Но вот с женщинами у нас вышел досадный пробел в образовании.
И кажется, я снова догадываюсь, почему…
– Да? А может, я как раз понимаю, Виль? Причем разиков эдак в сто лучше тебя, дурака?
– Может, – убито кивнул Швейцарец. – Может, и так.
– Ладно, – вздохнула женщина. – Слушай сюда… герой. Девчонка, что ты приволок, сейчас отмокает в ванне. Тебе, к слову, тоже окунуться лишним не будет.
– Обзавелась второй ванной?
– Нет, бочкой во дворе.
– А-а, – протянул Швейцарец. – Помню я эту бочку. Спасибо, конечно, Полин, но я уж лучше потерплю.
– Ты-то потерпишь! А другие, кому нужда выпадет рядом с тобой быть?
– Не так уж я и благоухаю.
– Ухаешь-ухаешь. Это у тебя нос анодировался.
– Адаптировался, – механически поправил он. – Что, серьезно?
– Ну, – задумчиво глядя на потемневшее зеркало в углу, произнесла Полина, – бывают у нас клиенты и поароматней, но ты-то всегда старался на человека походить.
Старался. Чистоплотность тоже вбил в него Старик, точнее, втер жесткой, словно камень, губкой. «Вчера ты не следил за собой, – приговаривал он, – сегодня махнешь рукой на свое оружие, а завтра нечищенный и несмазанный вовремя ствол рассчитается с тобой так, что никакого послезавтра у тебя уже не будет, понял? А если понял, то будь любезен, объясни – ты пенициллин в трусах выращивать собрался или где?»
Обычно, впрочем, он сдавал накопившийся в седельной сумке ворох с просьбой отнести ближайшей прачке – платить за скорость и качество было для Швейцарца куда проще, чем самому возиться с водой и мылом.
– Сколько дней вы с ней по лесу бродили? Два?
– Больше. Полин… мне сейчас и в самом деле не до мытья.
– Смотри сам. Я ей туда сыпанула кой-чего… короче, она вылезет и упадет часов на пять.
– У нас нет пяти часов.
– Значит, на три. Ты дослушай. Одежду и другое всякое, чего надо, я ей подберу сама.

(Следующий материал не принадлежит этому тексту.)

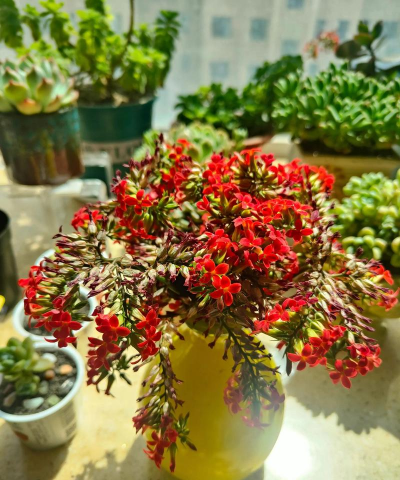 家庭养花用生根粉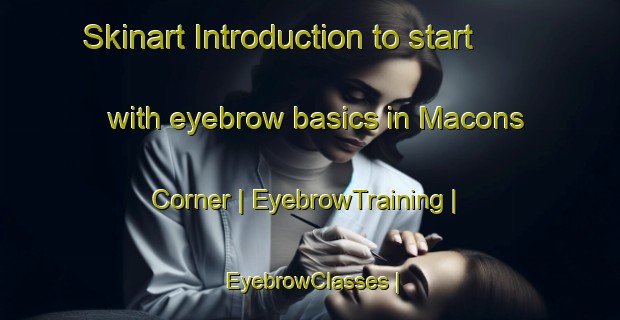 Skinart Introduction to start with eyebrow basics in Macons Corner | EyebrowTraining | EyebrowClasses | SkinartTraining-United States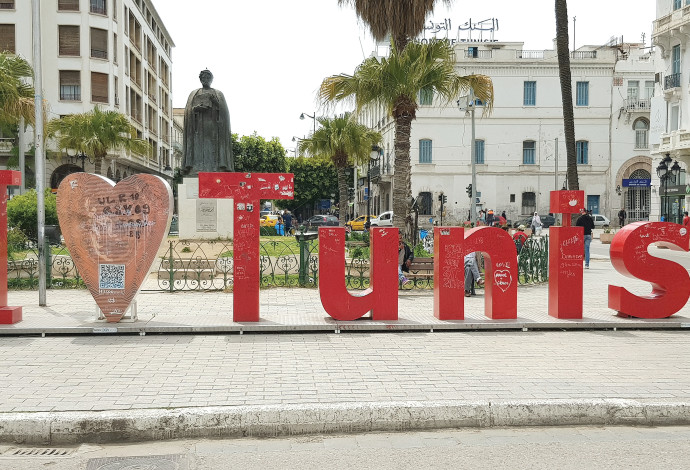 היתה פעם מרכז העולם. העיר טוניס (צילום:  גדעון אוזן)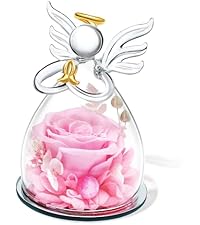 https://m.media-amazon.com/images/S/aplus-media-library-service-media/ea55736a-ad51-4ed3-afdb-5af10dece458.__AC_SR200,225___.jpg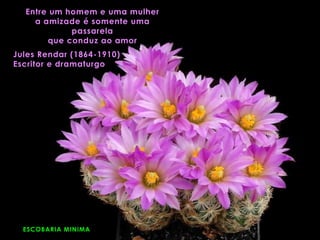 ESCOBARIA MINIMA
Entre um homem e uma mulher
a amizade é somente uma
passarela
que conduz ao amor
Jules Rendar (1864-1910)
Escritor e dramaturgo
 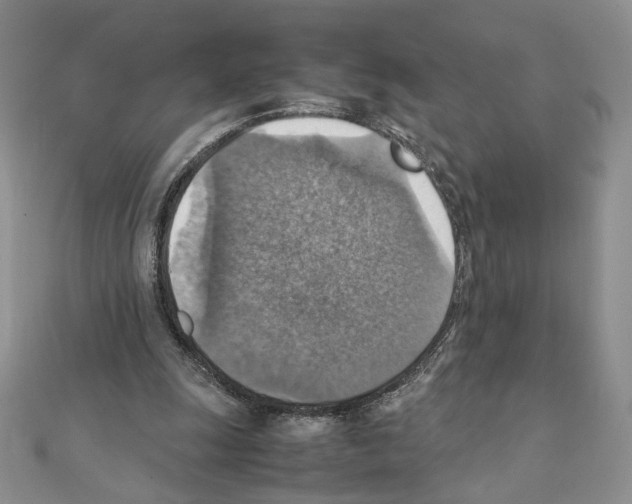 X0000111350247200908211240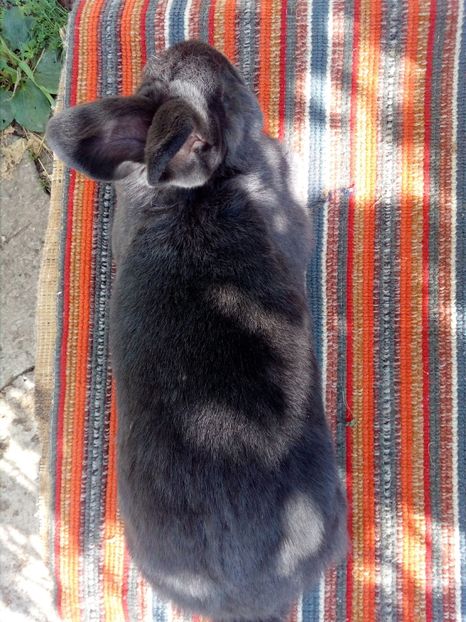  - 0 0 D Iepurii mei 2018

Машка ее уложит, спустится… возьмете ключ от дальней комнаты, и эти три часа – ваши!
– Да, – после минутной паузы тихо проговорил Швейцарец. – Наверно, именно так и будет пра…
– Без «наверно», – отрезала Полина. – Так. Будет. Правильно. Ты понял?
– Понял.
– Молодец. Теперь сиди и думай, чего будешь делать и, главное, чего будешь говорить, – Полина выпрямилась, – а я пойду Машке помогать.

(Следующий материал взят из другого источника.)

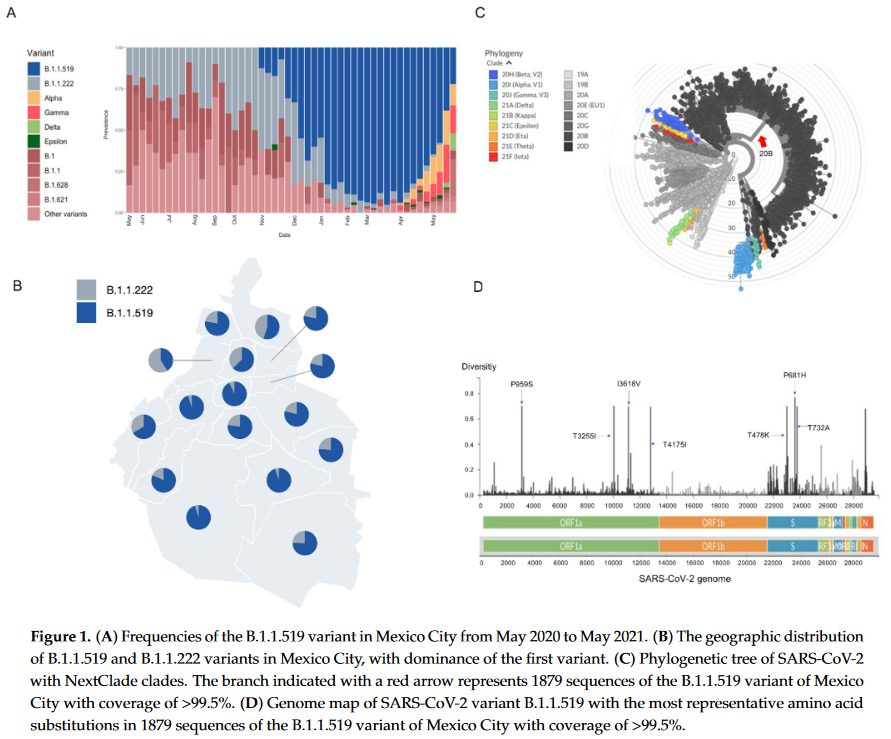 Frecuencia de la variante B.1.1.519 en Ciudad de México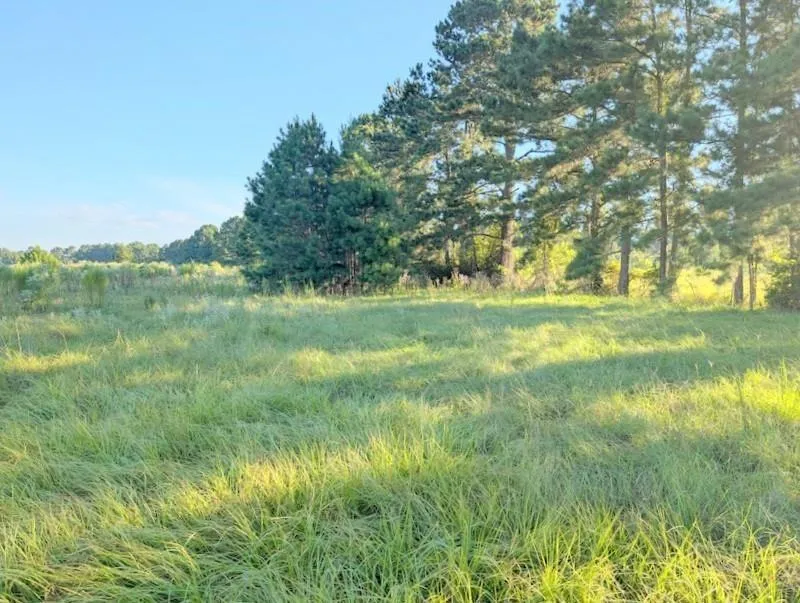 County Road 3385 Lovelady, TX 75851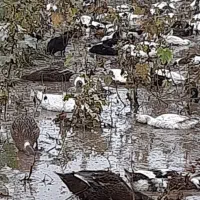 فروش اردک ۵ ماهه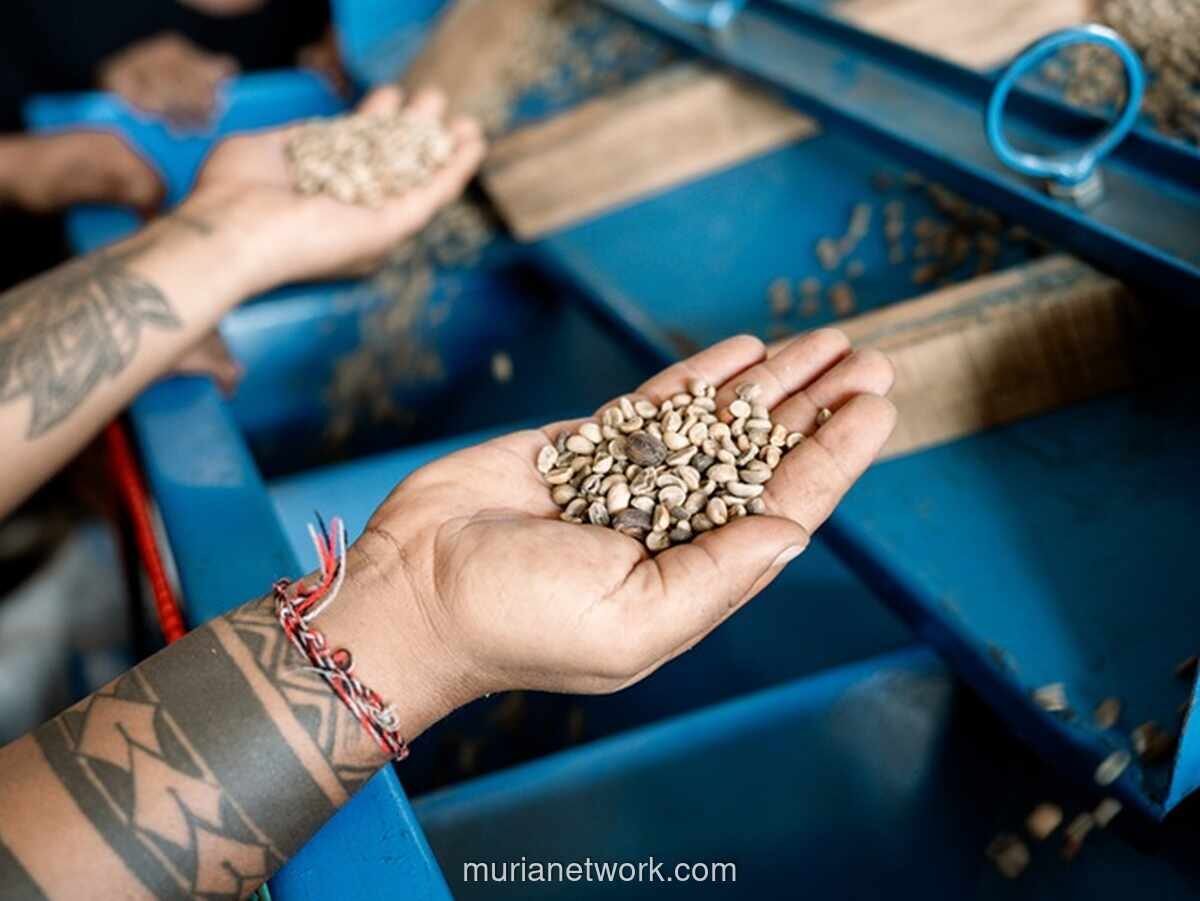 Kopi Kenangan Raup Laba Rp467 Miliar, Ubah Limbah Jadi Berkah
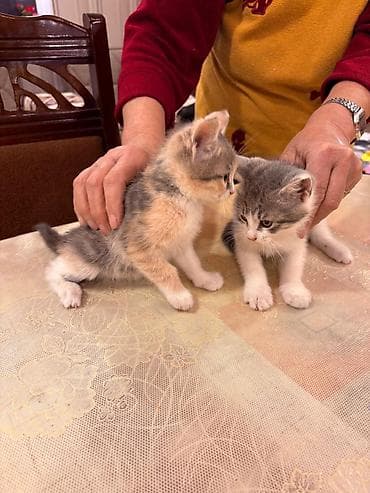 şotlant pişik: Sahiblendirilir.dermanlari verilib.4 dene baladi.tertemizdiler — 4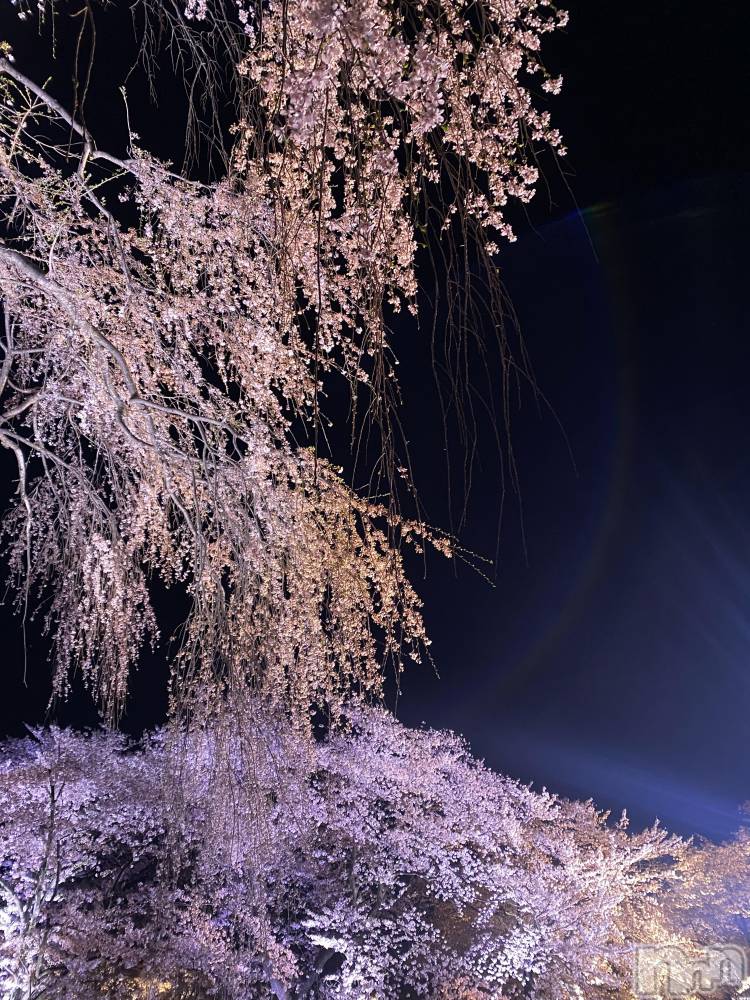 ����������ʥå��������륺�С�JEUNESSE(����ͥ�) Suzu��4��6���̥�֥����֤����鸫�˹Ԥ���������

Она умела ходить красиво. Волнующе. И это было не банальное вихляние бедрами, просто эта совсем еще юная, если вдуматься, женщина отлично владела языком тела. Куда лучше, чем многие другие – отростком плоти между челюстями.
Вот и сейчас она что-то говорила ему – только Швейцарец никак не мог ее понять, и это было немного грустно и очень обидно.
Полина подошла к двери, взялась за массивную бронзовую ручку, нажала… обернулась к нему.
– Да, еще… я прочла этого француза… ну, которого ты помянул в том году. Антуан-Сент-чего-то-там. И… Виль, ты и в самом деле веришь в это? Что мы в ответе за тех, кого приручили?
Он ответил далеко не сразу. Сначала встал, подошел к окну… уперся лбом в твердую прохладу ставен.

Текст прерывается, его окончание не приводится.